これらの問いに対しては、次のように答えることができます。脳天を割られて倒れ込む牛は、人員削減を迫られる会社を表し、その尻の穴から逃げ出す無数の寄生虫は、解雇から逃げのびた人々の姿を表しています。なぜそう言えるのかというと、そのように読むと、この詩の「意味」が初めて明らかになるからです。というのも、「寄生虫」が先を争って牛の尻の穴から逃げ出す様子は、いかにもおぞましく、醜さを感じさせる光景です。先ほどは、会社に勤める人々の間で、明暗が分かれた、と指摘しました。クビになった人々と、会社に残った人々と、運命が分かれたのです。語り手は、クビになった人々を、「生き残ることができなかった敗者」と考え、会社に残った人々を、「生き残った勝者」と考えていました。しかし、この寄生虫のもがく様子をみて、語り手ははっと真実に気づきます。自分の姿は、まさにこの醜い寄生虫と同じなのではないか、と。自分は人員削減という危機にさらされても、自分自身の手腕で勝ち組に入り、生き残ることができたと思っていた。しかし、それは本当は、醜い存在に成り下がってしまう行動だったのではないか。自分が「無能」な人々と見下していた、首を刎ねられた人々の方が、実は勝ちを掴んでいて、反対に自分は、人間として何か大切なものを失ってしまったのではないか——、そんな思いに囚われたのです。
これが、「生き残ったつもりでいた。」という末尾の一行の意味です。つまり、語り手は、自分は生き残った「勝ち組」のつもりでいたけれど、本当は大切なものを失った「負け組」に入っていたのではないか、と考えているのです。
この詩を支えているのは、「小の虫は首刎ねられ」という表現です。ここで、語り手は、首を切られた人々を、「少数派の虫」という言葉で表しています。この表現からは、語り手がいかにこの人々を見下しているかが伝わってきます。先ほども指摘したように、語り手は、自分が助かるためにこの人々を押しのけ、踏み台にしていたのです。しかし、会社に残った人々こそが、実は「寄生虫」に相当しているのだ、という転換が、この詩に取り入れられている仕掛けです。

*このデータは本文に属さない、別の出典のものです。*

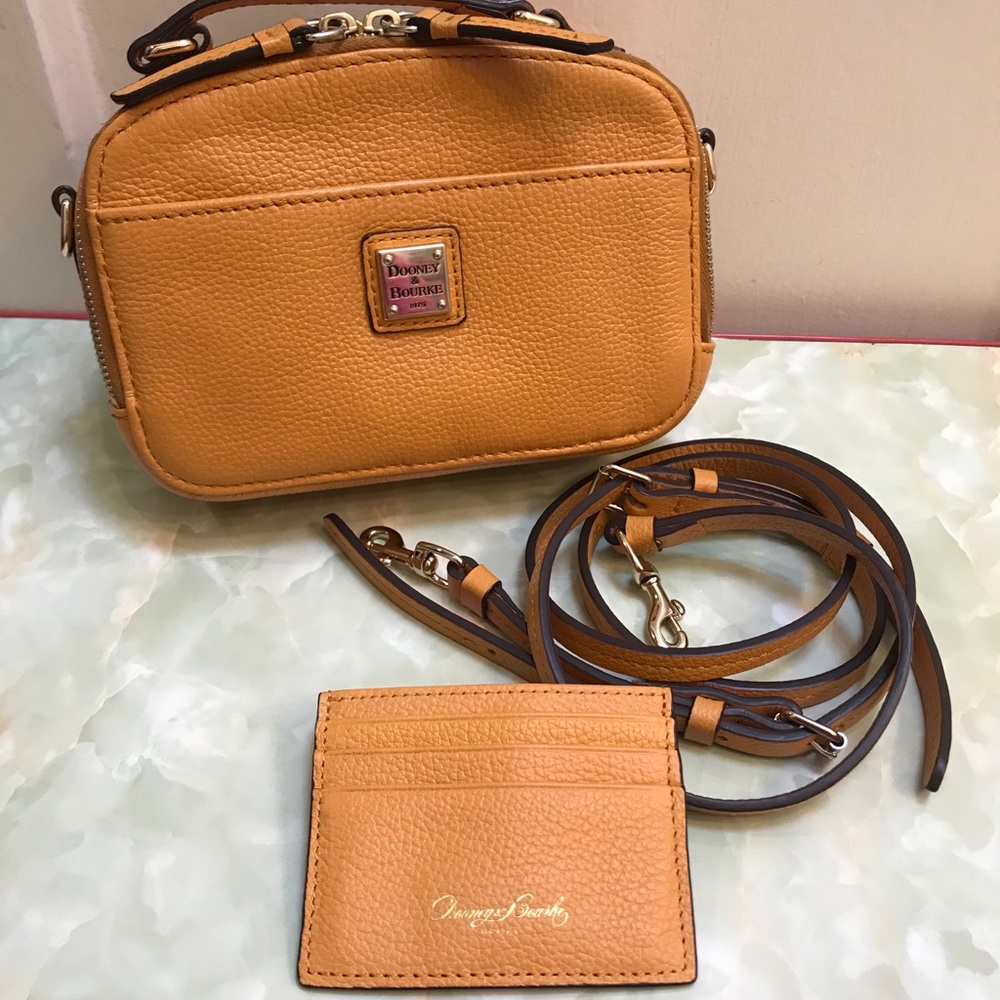 Dooney&Bourke Belvedere Ambler and Card Holder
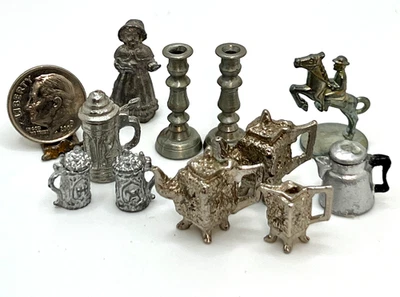 Teteras de peltre americano temprano vintage piedras candelabros casa de muñecas miniatura Foto 1 de 4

このように、この詩は、人間の品性というものの大切さを訴えている作品です。「勝ち組」というものは本当は負けているのではないか、という逆転の発想が、この作品を詩に昇華させていると言えるでしょう。タイトルの「記録」は、この詩の内容が、一つの記録のような文体で書かれていることに由来しています。